EXERCISE DIRECTIONS:
The required output is the exact text of the lines from the line containing "unfurnished living room" through the final line below, inclusive, without pictures.

TASK DATA:
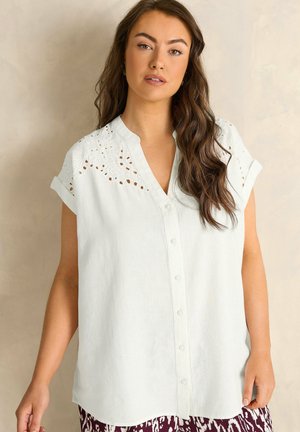 Kvinde med langt brunt hår iført en hvid skjorte med knapper og blonder med hulmønster på skuldrene samt opkrogede korte ærmer.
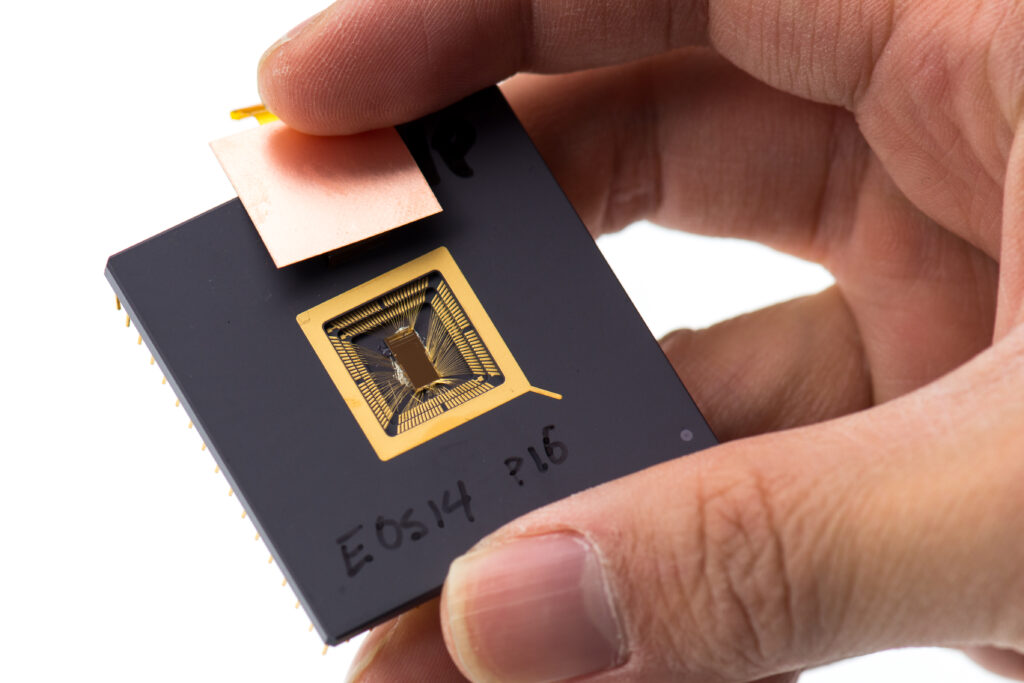 Yunsup Lee holding RISC V prototype chip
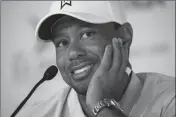  ?? ASSOCIATED PRESS ?? TIGER WOODS SPEAKS TO the media during a news conference for the U.S. Open golf tournament at Chambers Bay on Tuesday in University Place, Wash.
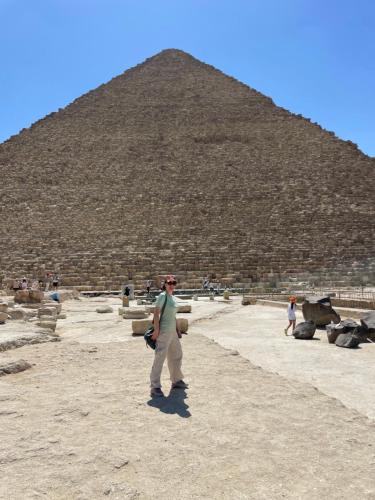 a woman standing in front of a pyramid at Diyar Pyramids Inn in Cairo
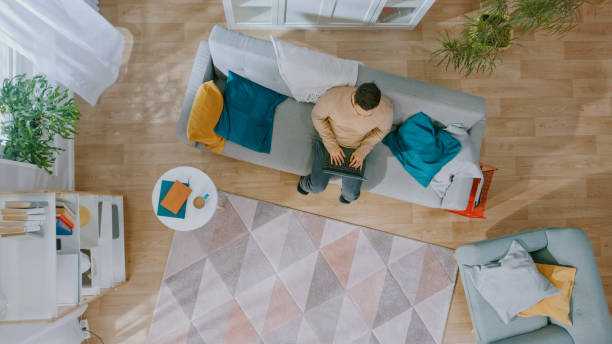 istock Young Man in Brown Jumper and Grey Jeans Comes and Sits Down on a Sofa, Using a Laptop. Cozy Living Room with Modern Interior with Plants, Table and Wooden Floor. Top View. 1168183077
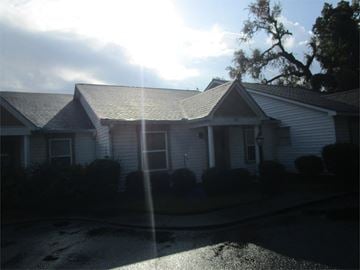 Bainbridge house for rent - a white house with a sun shining on the roof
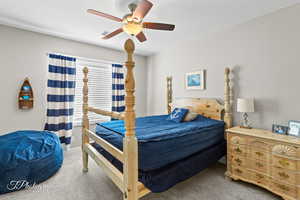 Carpeted bedroom featuring visible vents, baseboards, and a ceiling fan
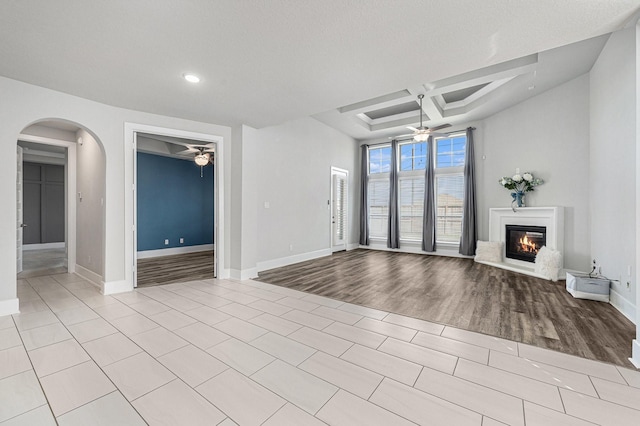 unfurnished living room featuring coffered ceiling, beamed ceiling, light tile patterned floors, and ceiling fan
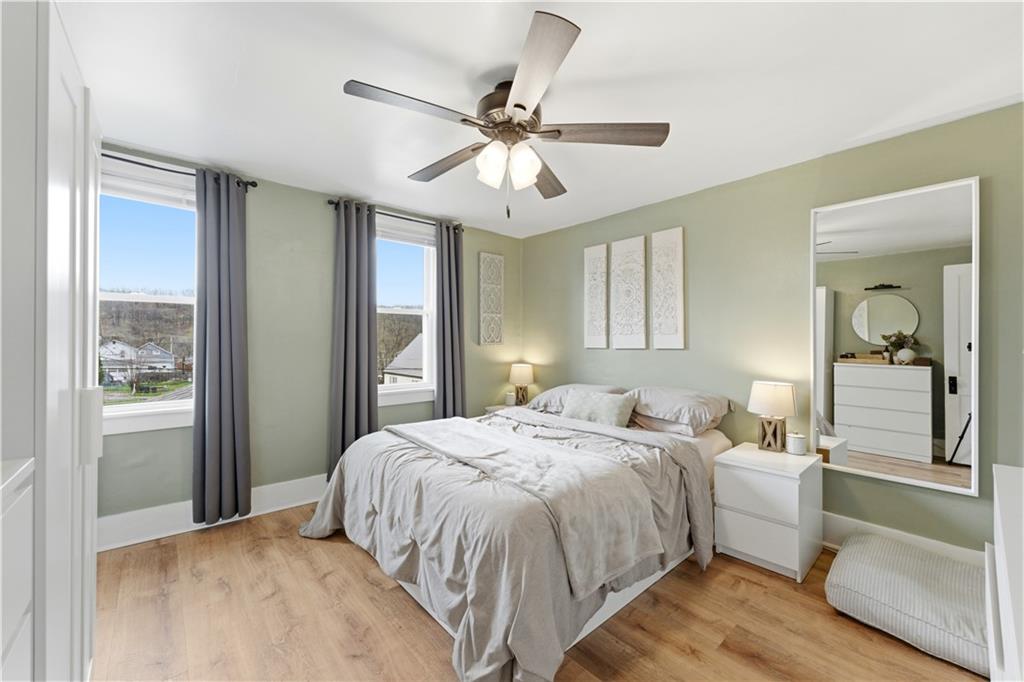 1438 4th Street Natrona Heights, PA 15065 - Photo 27 of 33 a bedroom with a large bed and a chandelier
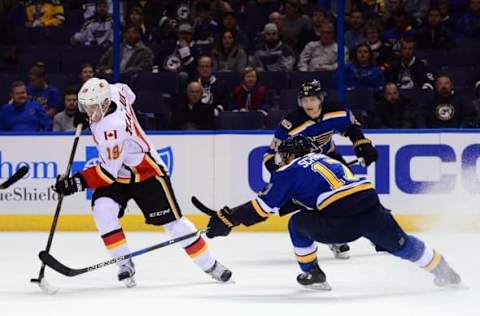 Oct 25, 2016; St. Louis, MO, USA; Calgary Flames left wing Matthew Tkachuk (19) handles the puck as St. Louis Blues left wing Jaden Schwartz (17) defends during the first period at Scottrade Center. Mandatory Credit: Jeff Curry-USA TODAY Sports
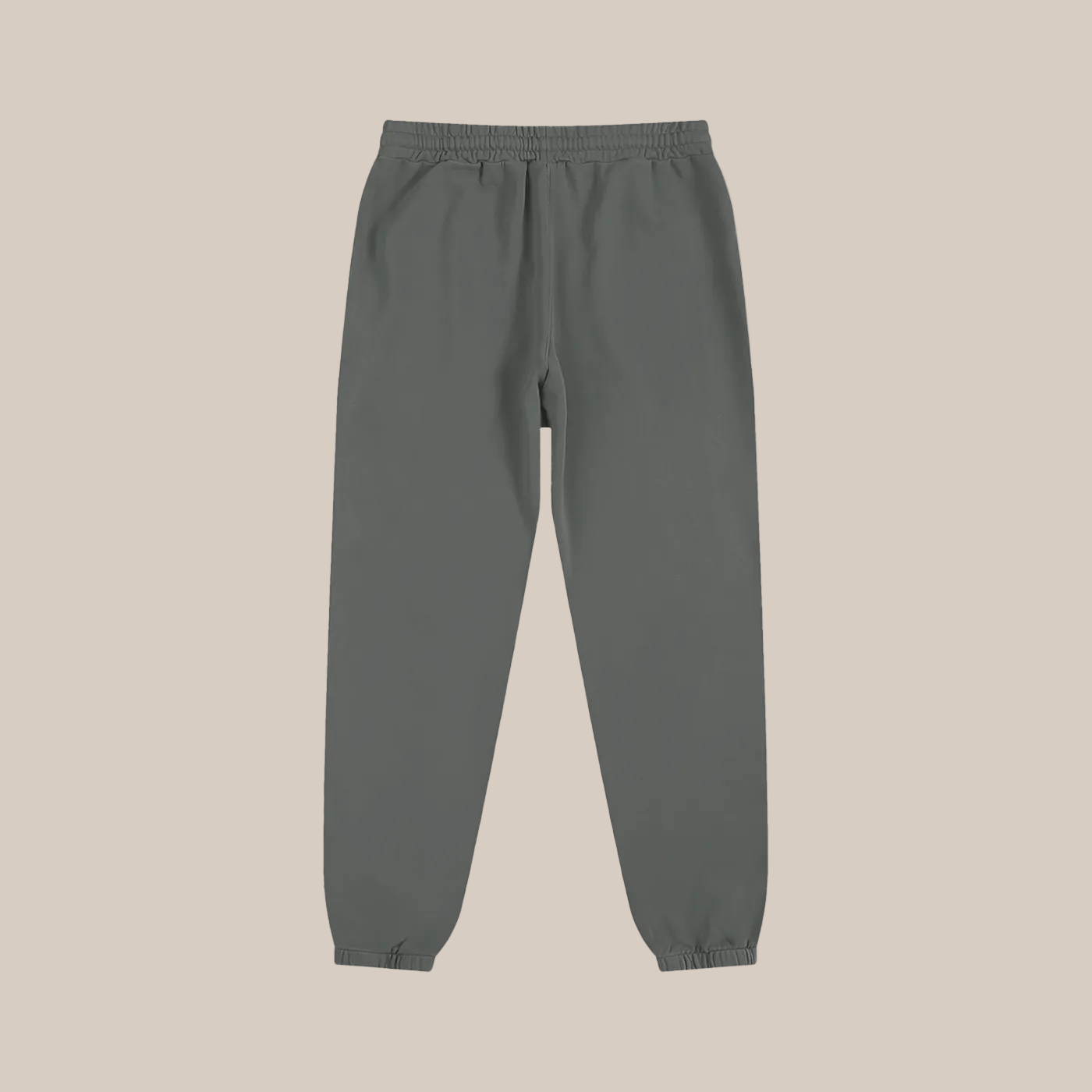 Gray sweatpants on a beige background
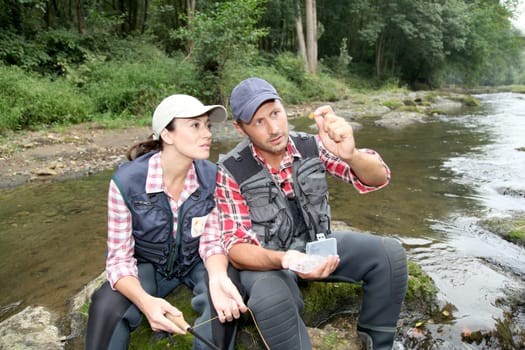 Man and woman fly fishing in river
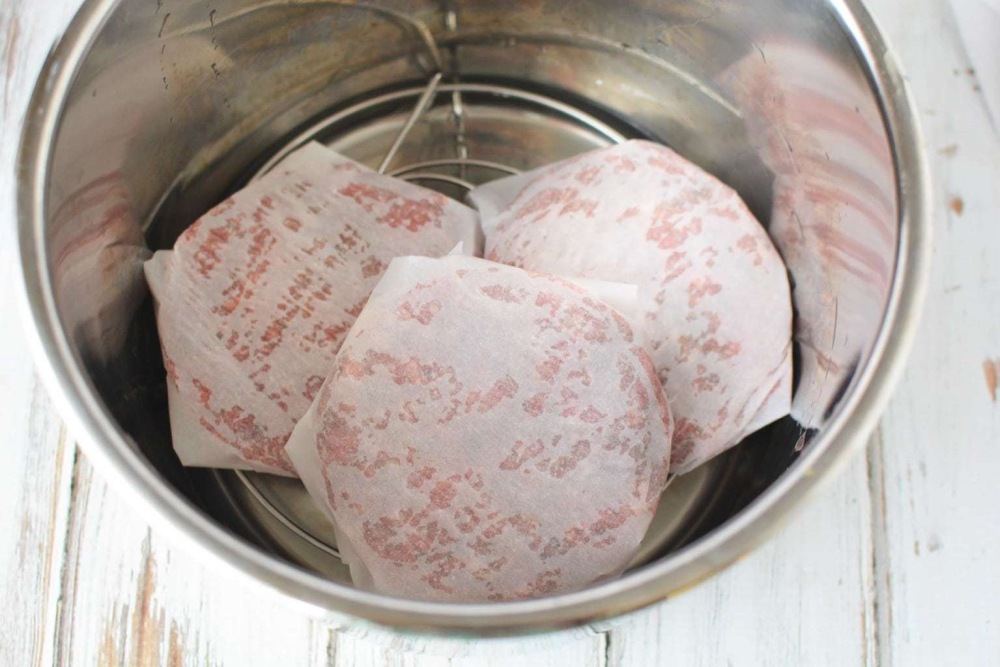 patties wrapped in parchment paper inside pot
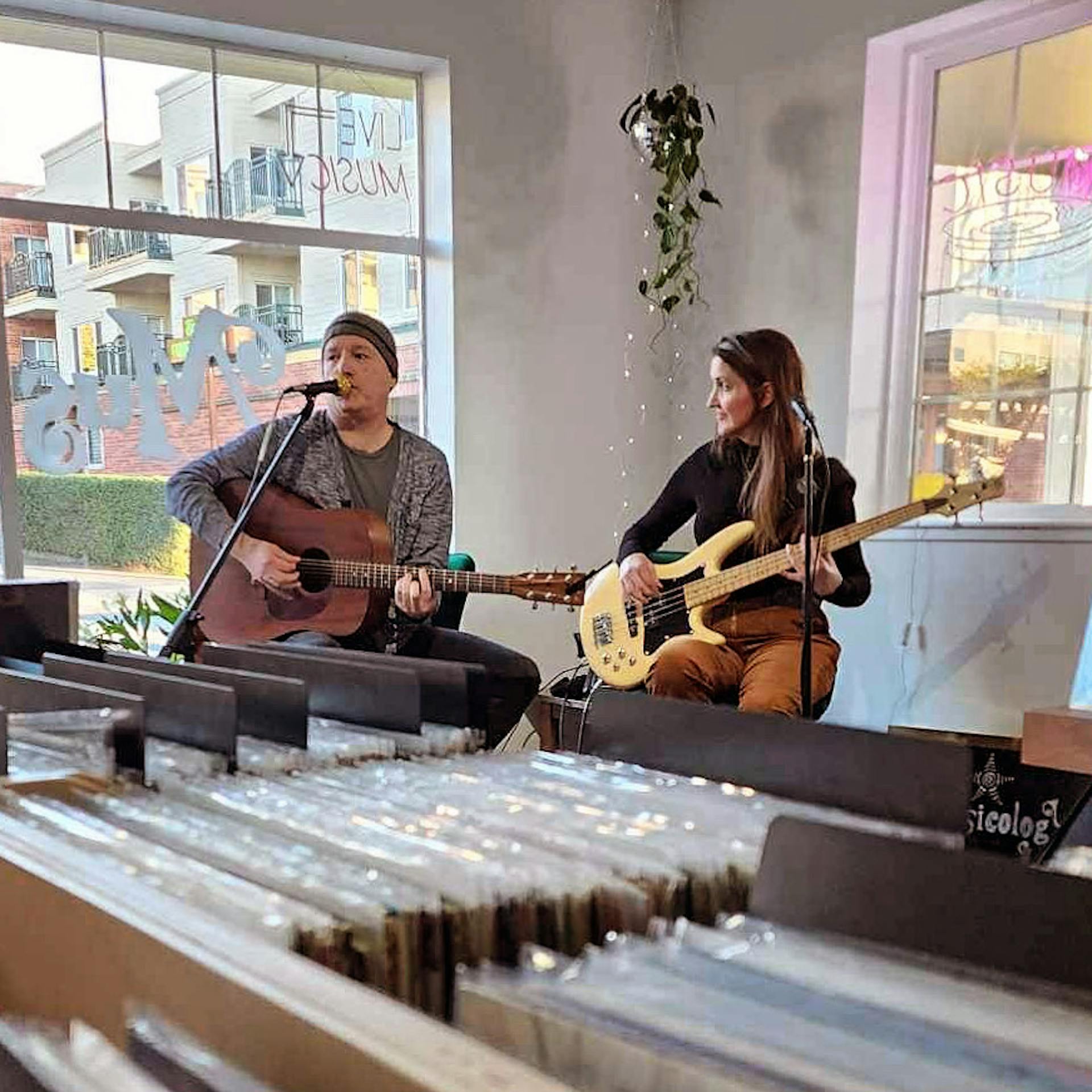 Rachel playing bass guitar at the record store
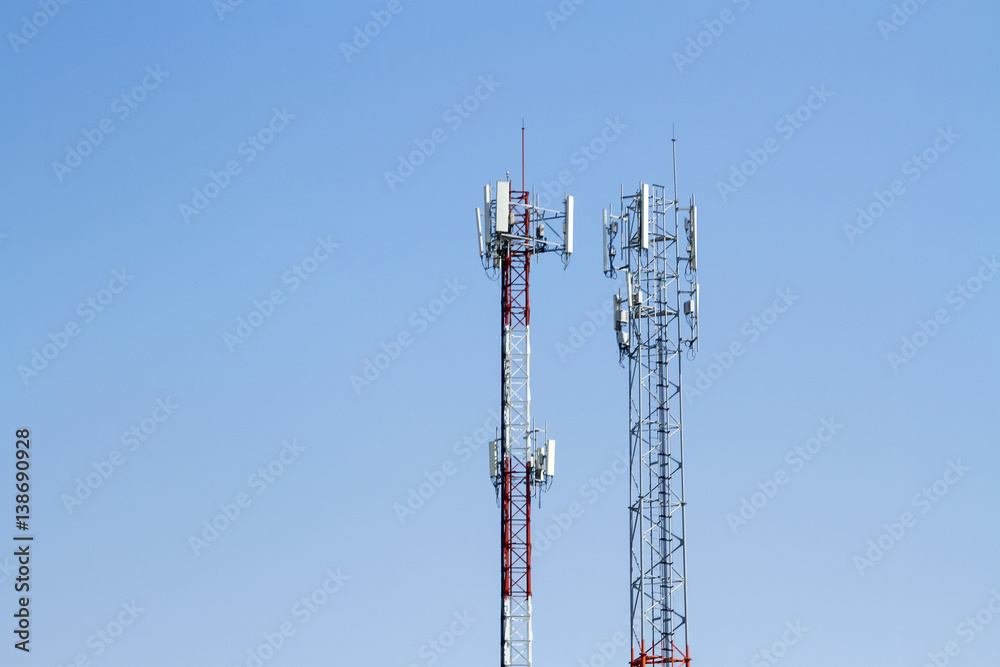 Mobile phone communication tower transmission signal with blue sky background and antenna and twin Mobile phone communication tower transmission signal with blue sky background and antenna and twin
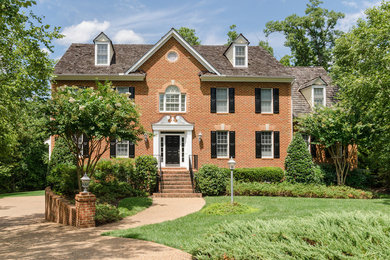 Foto della facciata di una casa grande rossa classica a due piani con rivestimento in mattoni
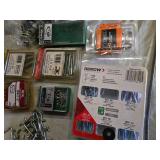 Lot of Hardware and Tools including Permatex Muffler & Tailpipe Band, Stanley Utility Knife, and Arrow Assorted Rivets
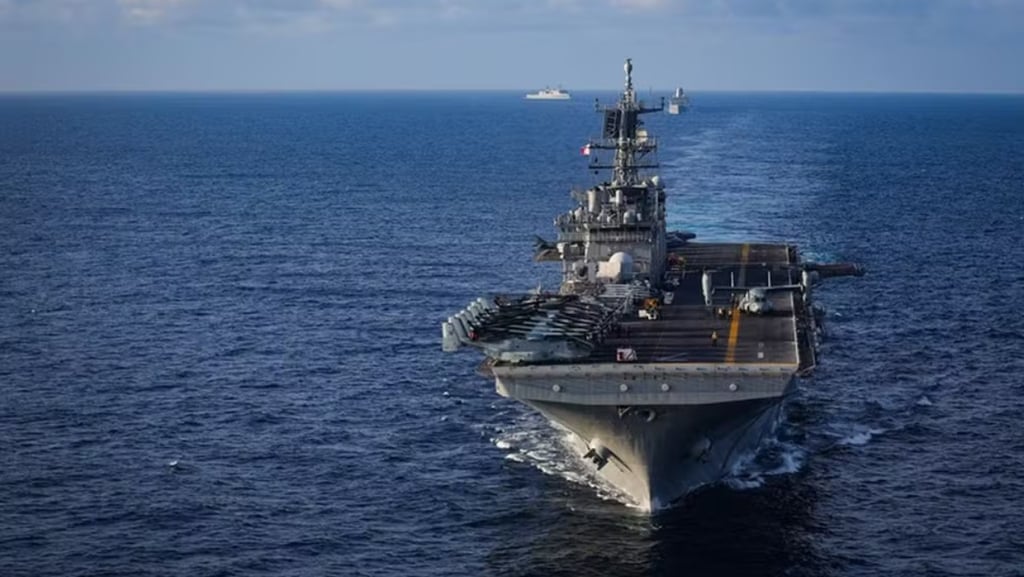 a large ship in the water with a large ship in the background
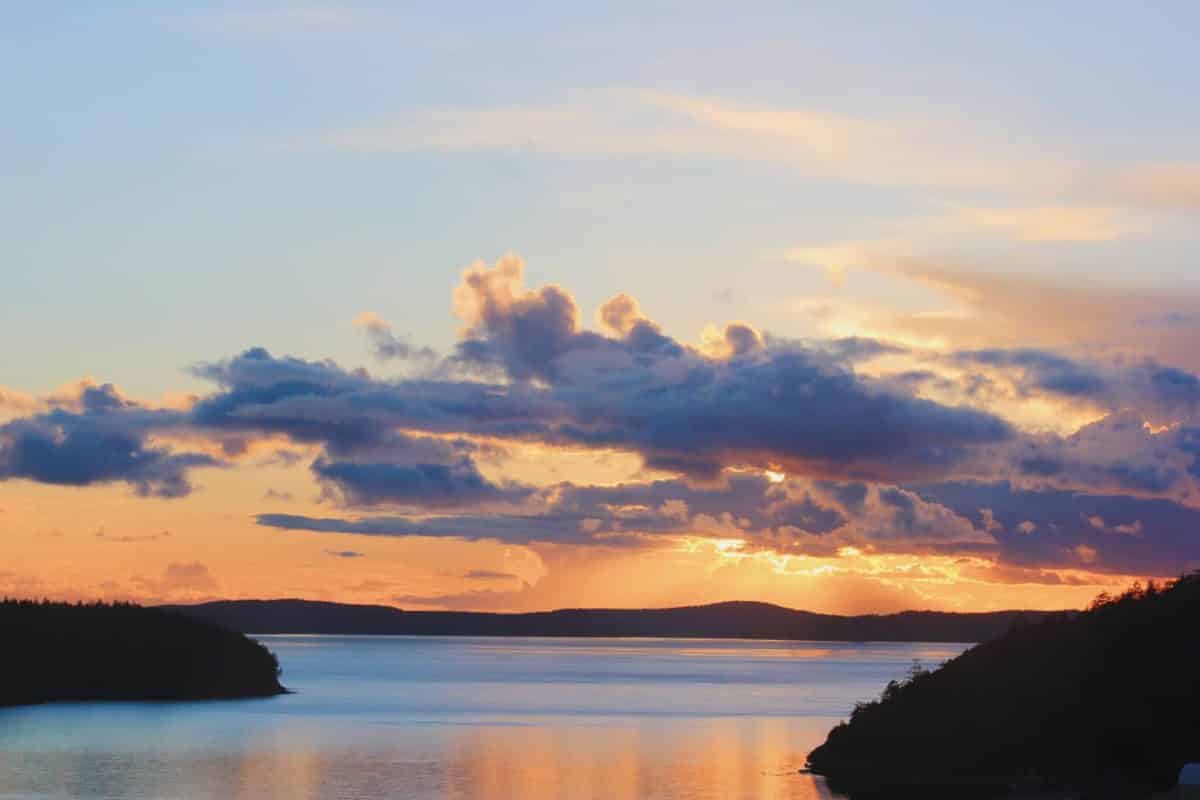 Sunset over mountains and water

OUTPUT FOR THIS TASK:
 unfurnished living room featuring coffered ceiling, beamed ceiling, light tile patterned floors, and ceiling fan
 1438 4th Street Natrona Heights, PA 15065 - Photo 27 of 33 a bedroom with a large bed and a chandelier
 Oct 25, 2016; St. Louis, MO, USA; Calgary Flames left wing Matthew Tkachuk (19) handles the puck as St. Louis Blues left wing Jaden Schwartz (17) defends during the first period at Scottrade Center. Mandatory Credit: Jeff Curry-USA TODAY Sports
 Gray sweatpants on a beige background
 Man and woman fly fishing in river
 patties wrapped in parchment paper inside pot
 Rachel playing bass guitar at the record store
 Mobile phone communication tower transmission signal with blue sky background and antenna and twin Mobile phone communication tower transmission signal with blue sky background and antenna and twin
 Foto della facciata di una casa grande rossa classica a due piani con rivestimento in mattoni
 Lot of Hardware and Tools including Permatex Muffler & Tailpipe Band, Stanley Utility Knife, and Arrow Assorted Rivets
 a large ship in the water with a large ship in the background
 Sunset over mountains and water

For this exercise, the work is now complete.